Our purpose is to make a comparison of three methods that belong to different ML techniques. In this step, we have used a GFS-LogitBoost-C classifier with a previous pre-processing stage of prototype selection guided by a Generational Genetic Algorithm for Feature Selection (GGA-FS) model. We have also used a FURIA classifier with a previous preprocessing stage of replacing missing values guided by a KNN-MV (K-Nearest Neighbor Imputation) algorithm as well as prototype feature selection guided by SSGA-Integer-knn-FS (Steady-state GA with integer coding scheme for wrapper feature selection with K-NN) and an FH-GBML that uses a Generational Genetic Algorithm for Feature Selection (GGA-FS). After the models are trained, the instances of the dataset are classified according to the training and test files. These results are the inputs for the visualization and test modules. The module Vis-Clas-Tabular receives these results as inputs and generates output files with several performance metrics computed from them, such as confusion matrices for each method. There is also another type of results flow which interconnects each possible pair of methods with a test module. In this case, the test module used is the signed-rank Wilcoxon non-parametrical procedure Clas-Wilcoxon-ST which compares two samples of results. The experiment establishes a pair-wise statistical comparison of the three methods. Once the experiment has been run we can reach results shown in Table 3 and Table 4.
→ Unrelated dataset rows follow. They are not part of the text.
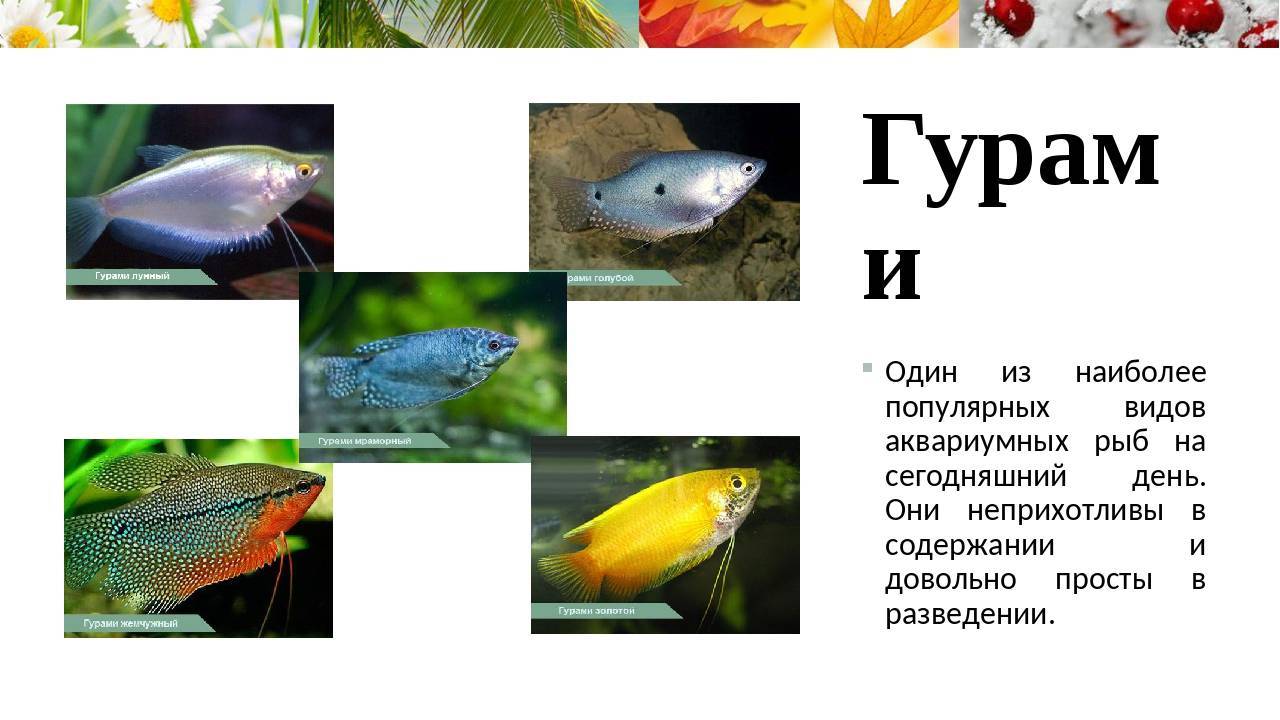 Гурами пятнистый – содержание, разведение, совместимость с другими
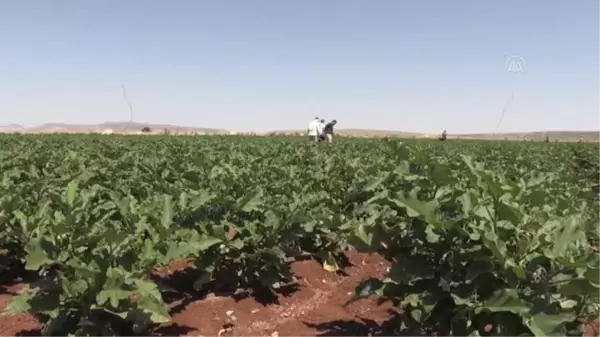 Hasadına başlanan patlıcan, verimi ve fiyatıyla üreticisinin yüzünü güldürüyor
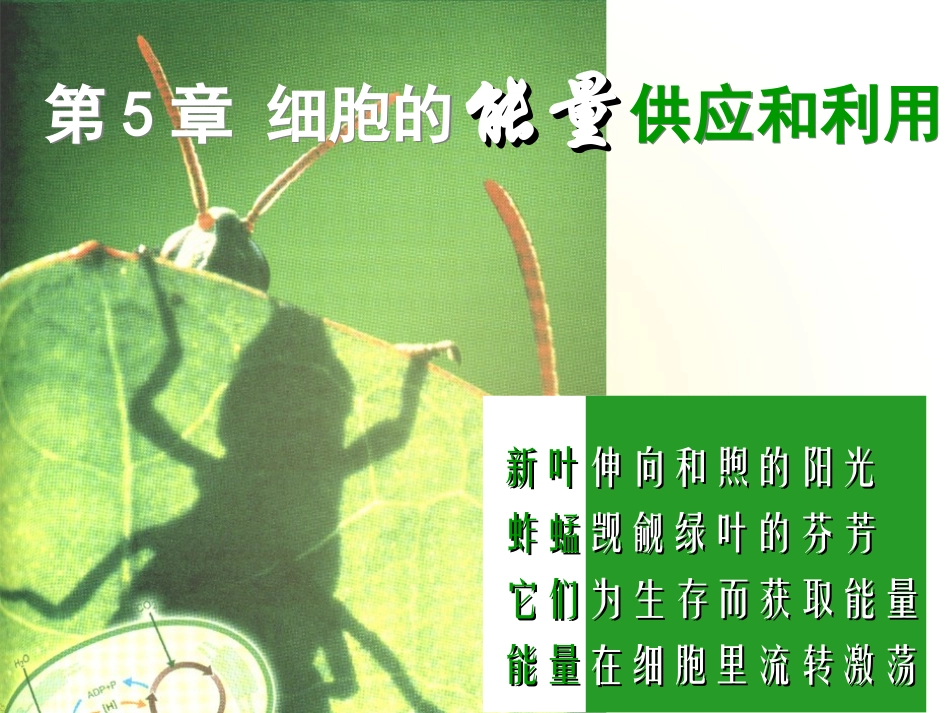生物高中必修1第五章第一节课件1_第1页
Table 3. Performance of the KEEL model - training datasets
Table 4. Performance of the KEEL model - testing datasets

5 Conclusion

Efficient classification of healthcare dataset is a major machine learning problem then and now. Diagnosis, Prediction of cardiovascular diseases and the precision of results can be improved if relationships and patterns from these complex healthcare datasets are extracted efficiently. This paper analyses some of the different classification algorithms like Logistic Regression (LR), Adaptive Boosting (AdaBoostM1), Multi-Objective Evolutionary Fuzzy Classifier (MOEFC), Fuzzy Unordered Rule Induction (FURIA), Genetic Fuzzy System-LogitBoost (GFS-LB) and Fuzzy Hybrid Genetic Based Machine Learning (FH-GBML). The performance evaluation of these algorithms is done based on Accuracy, Sensitivity, Specificity and Error rate using WEKA and KEEL tools.